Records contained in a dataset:
-=-=-=-=-

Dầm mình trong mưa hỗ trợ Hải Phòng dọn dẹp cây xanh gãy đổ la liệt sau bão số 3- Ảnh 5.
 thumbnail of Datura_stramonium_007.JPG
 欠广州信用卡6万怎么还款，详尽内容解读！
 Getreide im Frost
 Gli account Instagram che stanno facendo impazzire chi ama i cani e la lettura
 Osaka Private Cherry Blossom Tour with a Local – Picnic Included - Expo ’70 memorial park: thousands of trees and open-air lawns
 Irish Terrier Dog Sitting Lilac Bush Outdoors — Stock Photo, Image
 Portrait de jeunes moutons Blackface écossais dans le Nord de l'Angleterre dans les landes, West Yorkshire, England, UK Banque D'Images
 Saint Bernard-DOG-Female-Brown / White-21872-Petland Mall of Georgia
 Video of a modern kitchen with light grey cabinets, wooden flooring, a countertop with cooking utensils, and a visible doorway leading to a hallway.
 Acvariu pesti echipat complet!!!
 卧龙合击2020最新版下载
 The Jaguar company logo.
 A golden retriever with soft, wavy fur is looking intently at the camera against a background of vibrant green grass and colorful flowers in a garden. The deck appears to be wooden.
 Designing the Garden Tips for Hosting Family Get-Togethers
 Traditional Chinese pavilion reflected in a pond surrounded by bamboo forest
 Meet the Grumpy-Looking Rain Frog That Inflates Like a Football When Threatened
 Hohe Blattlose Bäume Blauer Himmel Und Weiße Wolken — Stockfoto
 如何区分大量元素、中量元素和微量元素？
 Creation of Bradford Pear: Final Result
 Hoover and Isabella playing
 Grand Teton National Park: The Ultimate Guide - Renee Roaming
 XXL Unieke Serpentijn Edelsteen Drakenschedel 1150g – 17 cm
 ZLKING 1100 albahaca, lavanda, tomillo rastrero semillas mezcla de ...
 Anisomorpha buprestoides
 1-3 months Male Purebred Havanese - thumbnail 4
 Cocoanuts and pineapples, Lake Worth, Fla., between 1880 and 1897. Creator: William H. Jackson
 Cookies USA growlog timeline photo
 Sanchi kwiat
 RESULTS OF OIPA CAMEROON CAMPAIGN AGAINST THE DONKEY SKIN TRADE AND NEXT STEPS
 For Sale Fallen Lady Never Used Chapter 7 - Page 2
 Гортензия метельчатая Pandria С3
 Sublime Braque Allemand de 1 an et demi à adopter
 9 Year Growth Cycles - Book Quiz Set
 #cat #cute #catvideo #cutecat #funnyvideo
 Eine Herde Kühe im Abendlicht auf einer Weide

-=-=-=-=-

*ASSIGNED TASK*: Above are the records; repeat exactly the lines from the one holding "thumbnail of Datura_stramonium_007.JPG" down to the one holding "Saint Bernard-DOG-Female-Brown /", end lines included.

*RESPONSE TO THIS EXERCISE*:
 thumbnail of Datura_stramonium_007.JPG
 欠广州信用卡6万怎么还款，详尽内容解读！
 Getreide im Frost
 Gli account Instagram che stanno facendo impazzire chi ama i cani e la lettura
 Osaka Private Cherry Blossom Tour with a Local – Picnic Included - Expo ’70 memorial park: thousands of trees and open-air lawns
 Irish Terrier Dog Sitting Lilac Bush Outdoors — Stock Photo, Image
 Portrait de jeunes moutons Blackface écossais dans le Nord de l'Angleterre dans les landes, West Yorkshire, England, UK Banque D'Images
 Saint Bernard-DOG-Female-Brown / White-21872-Petland Mall of Georgia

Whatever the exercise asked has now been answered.